The fact that palestinian farmers are not allowed to drill new wells and are dependent on the water allocation means that their dependence on natural sources is high. Remote areas that are not connected to the pipeline system are hit particularly hard. One example is the once fertile jordan valley. According to the locals, even before the jewish occupation there were numerous fields where fruit, vegetables and herbs were grown. But this has long been the end.

One of the first acts of the israeli army after the six-day war in 1967 was to cut off the water pipelines from the jordan river to the fields, explains the palestinian water engineer nader al-khateeb. At present only a fraction of the formerly irrigated land is cultivated. Today, the jordan river is located in the west bank in a military zone secured by mines and barbed wire. Its water, however, is no more than a cesspool, since its tributaries are as good as dry and millions of liters are also pumped into the israeli supply system from the sea of galilee, through which the jordan river flows. Mainly sewage is discharged.

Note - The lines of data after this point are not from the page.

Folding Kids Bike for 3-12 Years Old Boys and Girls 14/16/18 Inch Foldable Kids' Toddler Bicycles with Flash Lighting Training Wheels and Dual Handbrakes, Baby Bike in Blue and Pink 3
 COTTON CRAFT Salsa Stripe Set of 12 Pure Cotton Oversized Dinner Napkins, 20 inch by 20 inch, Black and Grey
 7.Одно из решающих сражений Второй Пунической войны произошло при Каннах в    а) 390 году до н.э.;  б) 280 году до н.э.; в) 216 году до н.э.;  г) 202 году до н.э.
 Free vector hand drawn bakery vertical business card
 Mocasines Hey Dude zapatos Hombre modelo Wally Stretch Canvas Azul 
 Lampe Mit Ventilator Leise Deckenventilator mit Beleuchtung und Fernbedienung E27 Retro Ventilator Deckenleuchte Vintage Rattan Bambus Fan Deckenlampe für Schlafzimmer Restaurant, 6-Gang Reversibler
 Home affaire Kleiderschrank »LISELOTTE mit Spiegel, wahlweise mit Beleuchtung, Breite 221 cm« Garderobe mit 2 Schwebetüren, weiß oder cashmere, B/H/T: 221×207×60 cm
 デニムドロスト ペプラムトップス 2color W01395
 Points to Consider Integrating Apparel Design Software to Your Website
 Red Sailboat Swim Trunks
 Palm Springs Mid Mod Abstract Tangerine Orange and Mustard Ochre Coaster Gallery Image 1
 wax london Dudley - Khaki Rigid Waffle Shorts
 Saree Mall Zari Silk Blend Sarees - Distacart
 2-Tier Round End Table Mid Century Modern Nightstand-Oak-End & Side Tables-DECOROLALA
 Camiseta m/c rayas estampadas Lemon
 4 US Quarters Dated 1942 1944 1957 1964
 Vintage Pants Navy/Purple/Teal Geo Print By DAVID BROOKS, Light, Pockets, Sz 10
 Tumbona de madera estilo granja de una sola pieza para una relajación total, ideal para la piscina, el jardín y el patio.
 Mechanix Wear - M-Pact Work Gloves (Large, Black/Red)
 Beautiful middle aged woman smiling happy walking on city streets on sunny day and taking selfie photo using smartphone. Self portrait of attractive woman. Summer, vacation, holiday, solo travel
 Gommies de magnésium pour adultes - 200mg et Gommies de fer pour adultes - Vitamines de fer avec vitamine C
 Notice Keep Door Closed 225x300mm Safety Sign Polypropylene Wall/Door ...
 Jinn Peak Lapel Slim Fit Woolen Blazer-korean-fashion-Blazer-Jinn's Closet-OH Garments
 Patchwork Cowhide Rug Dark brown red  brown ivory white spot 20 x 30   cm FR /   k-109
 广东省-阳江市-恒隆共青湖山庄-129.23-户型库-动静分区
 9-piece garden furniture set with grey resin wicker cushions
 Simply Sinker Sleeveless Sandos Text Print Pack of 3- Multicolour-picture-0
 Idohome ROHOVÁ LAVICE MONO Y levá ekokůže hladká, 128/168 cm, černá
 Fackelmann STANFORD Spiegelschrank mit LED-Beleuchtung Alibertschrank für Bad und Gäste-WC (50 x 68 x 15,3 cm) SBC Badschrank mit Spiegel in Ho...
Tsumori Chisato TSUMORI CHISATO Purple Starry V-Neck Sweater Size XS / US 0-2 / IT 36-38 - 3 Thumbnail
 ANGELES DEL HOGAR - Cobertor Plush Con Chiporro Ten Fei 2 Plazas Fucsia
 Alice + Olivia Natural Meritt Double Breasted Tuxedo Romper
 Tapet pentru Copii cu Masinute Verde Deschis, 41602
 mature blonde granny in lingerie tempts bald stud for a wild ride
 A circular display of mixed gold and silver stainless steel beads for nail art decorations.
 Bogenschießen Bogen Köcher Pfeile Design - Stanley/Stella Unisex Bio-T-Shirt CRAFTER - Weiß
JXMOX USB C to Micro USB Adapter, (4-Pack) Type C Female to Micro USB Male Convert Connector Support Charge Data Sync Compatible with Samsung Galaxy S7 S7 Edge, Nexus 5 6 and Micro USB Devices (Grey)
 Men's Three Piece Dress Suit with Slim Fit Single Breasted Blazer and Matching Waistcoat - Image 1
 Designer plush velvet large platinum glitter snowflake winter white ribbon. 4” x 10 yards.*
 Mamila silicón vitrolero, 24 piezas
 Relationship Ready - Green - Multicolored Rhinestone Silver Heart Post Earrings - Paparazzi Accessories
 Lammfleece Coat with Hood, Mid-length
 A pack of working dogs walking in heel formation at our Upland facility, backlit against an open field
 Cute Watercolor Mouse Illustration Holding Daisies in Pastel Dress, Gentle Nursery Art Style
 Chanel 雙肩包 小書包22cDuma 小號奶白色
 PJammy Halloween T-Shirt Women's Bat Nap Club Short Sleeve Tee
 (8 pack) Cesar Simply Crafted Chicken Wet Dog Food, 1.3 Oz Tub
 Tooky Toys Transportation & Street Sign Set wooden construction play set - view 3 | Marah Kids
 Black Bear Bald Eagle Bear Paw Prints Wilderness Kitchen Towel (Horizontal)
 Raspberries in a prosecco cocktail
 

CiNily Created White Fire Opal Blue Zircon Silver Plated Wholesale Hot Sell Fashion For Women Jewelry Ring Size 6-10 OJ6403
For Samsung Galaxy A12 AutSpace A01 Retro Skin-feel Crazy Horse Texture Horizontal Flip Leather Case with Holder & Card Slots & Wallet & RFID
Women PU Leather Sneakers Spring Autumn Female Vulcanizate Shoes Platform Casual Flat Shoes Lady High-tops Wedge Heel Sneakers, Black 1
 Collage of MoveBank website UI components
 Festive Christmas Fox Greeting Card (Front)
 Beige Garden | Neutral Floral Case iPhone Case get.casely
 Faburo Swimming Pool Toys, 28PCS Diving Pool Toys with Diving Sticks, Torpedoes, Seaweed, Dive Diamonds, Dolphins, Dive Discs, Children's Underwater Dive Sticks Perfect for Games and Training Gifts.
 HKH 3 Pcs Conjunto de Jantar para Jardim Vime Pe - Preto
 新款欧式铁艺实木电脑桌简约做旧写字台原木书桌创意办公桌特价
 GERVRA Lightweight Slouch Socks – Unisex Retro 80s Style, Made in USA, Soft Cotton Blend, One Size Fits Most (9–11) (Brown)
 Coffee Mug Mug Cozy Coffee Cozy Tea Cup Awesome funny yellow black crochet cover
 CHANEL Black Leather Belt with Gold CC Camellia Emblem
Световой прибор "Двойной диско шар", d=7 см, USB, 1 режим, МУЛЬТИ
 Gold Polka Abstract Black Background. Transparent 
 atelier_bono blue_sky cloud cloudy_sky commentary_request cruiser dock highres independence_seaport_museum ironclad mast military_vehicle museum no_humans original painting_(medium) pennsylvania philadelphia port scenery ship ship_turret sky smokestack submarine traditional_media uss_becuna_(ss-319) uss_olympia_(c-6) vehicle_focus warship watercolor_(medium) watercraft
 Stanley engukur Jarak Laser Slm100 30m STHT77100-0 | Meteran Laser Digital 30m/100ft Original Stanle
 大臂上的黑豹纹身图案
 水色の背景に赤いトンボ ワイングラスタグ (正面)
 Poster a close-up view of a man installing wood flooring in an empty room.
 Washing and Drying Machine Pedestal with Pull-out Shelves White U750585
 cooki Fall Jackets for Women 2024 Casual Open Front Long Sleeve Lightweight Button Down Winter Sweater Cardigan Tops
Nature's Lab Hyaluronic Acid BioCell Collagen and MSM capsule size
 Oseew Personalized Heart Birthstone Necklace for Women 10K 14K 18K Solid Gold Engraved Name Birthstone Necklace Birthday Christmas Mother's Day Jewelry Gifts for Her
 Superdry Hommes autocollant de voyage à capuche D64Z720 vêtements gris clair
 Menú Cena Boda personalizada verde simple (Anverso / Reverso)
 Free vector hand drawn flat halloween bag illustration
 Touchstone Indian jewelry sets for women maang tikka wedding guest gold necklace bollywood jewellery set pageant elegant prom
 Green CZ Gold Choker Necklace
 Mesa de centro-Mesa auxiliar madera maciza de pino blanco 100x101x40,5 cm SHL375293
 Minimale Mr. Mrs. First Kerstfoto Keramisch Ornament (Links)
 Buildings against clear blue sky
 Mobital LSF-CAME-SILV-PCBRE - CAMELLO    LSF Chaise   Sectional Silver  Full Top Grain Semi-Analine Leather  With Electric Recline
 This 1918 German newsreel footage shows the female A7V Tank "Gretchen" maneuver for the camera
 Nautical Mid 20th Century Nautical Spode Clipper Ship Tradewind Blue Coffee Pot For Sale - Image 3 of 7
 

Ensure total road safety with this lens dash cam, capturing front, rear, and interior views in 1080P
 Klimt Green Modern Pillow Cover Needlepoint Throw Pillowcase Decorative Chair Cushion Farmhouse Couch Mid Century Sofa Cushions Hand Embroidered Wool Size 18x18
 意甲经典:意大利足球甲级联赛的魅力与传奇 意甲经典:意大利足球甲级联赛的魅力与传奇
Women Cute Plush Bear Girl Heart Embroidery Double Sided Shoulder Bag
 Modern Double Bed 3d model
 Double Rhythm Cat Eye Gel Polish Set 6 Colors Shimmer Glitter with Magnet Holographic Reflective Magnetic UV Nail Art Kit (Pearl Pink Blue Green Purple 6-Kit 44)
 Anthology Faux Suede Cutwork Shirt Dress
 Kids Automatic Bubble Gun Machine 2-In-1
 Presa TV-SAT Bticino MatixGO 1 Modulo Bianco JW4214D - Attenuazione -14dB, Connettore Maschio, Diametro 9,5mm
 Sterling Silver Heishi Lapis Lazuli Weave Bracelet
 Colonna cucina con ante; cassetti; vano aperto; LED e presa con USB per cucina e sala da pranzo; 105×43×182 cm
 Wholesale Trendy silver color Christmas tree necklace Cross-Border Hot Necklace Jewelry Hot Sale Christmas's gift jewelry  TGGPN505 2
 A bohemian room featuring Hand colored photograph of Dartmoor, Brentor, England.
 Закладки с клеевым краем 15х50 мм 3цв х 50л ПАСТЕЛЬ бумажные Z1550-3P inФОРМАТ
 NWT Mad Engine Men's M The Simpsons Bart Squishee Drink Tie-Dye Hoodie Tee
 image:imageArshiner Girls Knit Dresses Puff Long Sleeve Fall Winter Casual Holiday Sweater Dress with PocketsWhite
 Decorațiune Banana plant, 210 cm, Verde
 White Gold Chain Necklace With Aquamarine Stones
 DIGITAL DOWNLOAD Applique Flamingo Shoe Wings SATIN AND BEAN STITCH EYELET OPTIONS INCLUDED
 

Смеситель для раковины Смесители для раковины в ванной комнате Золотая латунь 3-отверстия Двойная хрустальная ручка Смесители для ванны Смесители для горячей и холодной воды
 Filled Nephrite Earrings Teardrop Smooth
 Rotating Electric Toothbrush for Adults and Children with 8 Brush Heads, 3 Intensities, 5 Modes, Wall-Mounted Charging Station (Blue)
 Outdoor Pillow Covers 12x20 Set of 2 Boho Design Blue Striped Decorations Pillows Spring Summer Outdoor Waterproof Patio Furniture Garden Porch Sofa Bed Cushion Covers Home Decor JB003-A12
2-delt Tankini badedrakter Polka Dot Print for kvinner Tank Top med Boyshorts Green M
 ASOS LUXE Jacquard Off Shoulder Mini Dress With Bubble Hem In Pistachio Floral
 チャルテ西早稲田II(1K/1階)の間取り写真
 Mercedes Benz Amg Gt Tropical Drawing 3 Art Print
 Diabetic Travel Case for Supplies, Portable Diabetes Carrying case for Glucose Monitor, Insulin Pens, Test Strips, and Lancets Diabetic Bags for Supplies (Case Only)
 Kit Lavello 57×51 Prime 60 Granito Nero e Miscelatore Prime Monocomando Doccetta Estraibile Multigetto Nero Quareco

The durre is now causing the natural springs to dry up as well. This happened in the community of ouja near jericho, not far from the jordan river. Die meisten haushalte der gegend sind nicht einmal an das leitungssystem angeschlossen, so wie rund ein drittel aller palastinensischen dorfer. Three years ago, farmers were deprived of access to the jordan river. Now the natural al-ouja source is also drying up. The inhabitants can only hope that it will rain one day. The only alternative is to have tankers brought in with expensive water. A cubic meter then costs more than five times the average price of water. For this, palestinians have to work long hours – often as day laborers in israeli settlements, as al-khateeb recounts.

"It always hits the poorest in a society first," says messerschmidt. In ramallah, on the other hand, the seat of government of the palestinian authority, there is no sign of the water crisis.

I have been living in ramallah for 12 years now and there has always been water coming out of the tap.

As long as the ruling class does not experience the problem first hand, nothing will change – this is no different in palestine than in any other country in the world. The hydrologist, however, is particularly disappointed with europe: western development ngos have been printing themselves around the dispute with israel. Access to water is one of the most pressing problems in the west bank and gaza. Hier gehe es nicht nur um die okonomische entwicklung des landes, sondern oftmals um die nackte existenz vieler menschen.

Israelis and palestinians alike are now eagerly awaiting winter. If there was no gross rain again, the quiet conflict could soon turn into a loud, visible confrontation.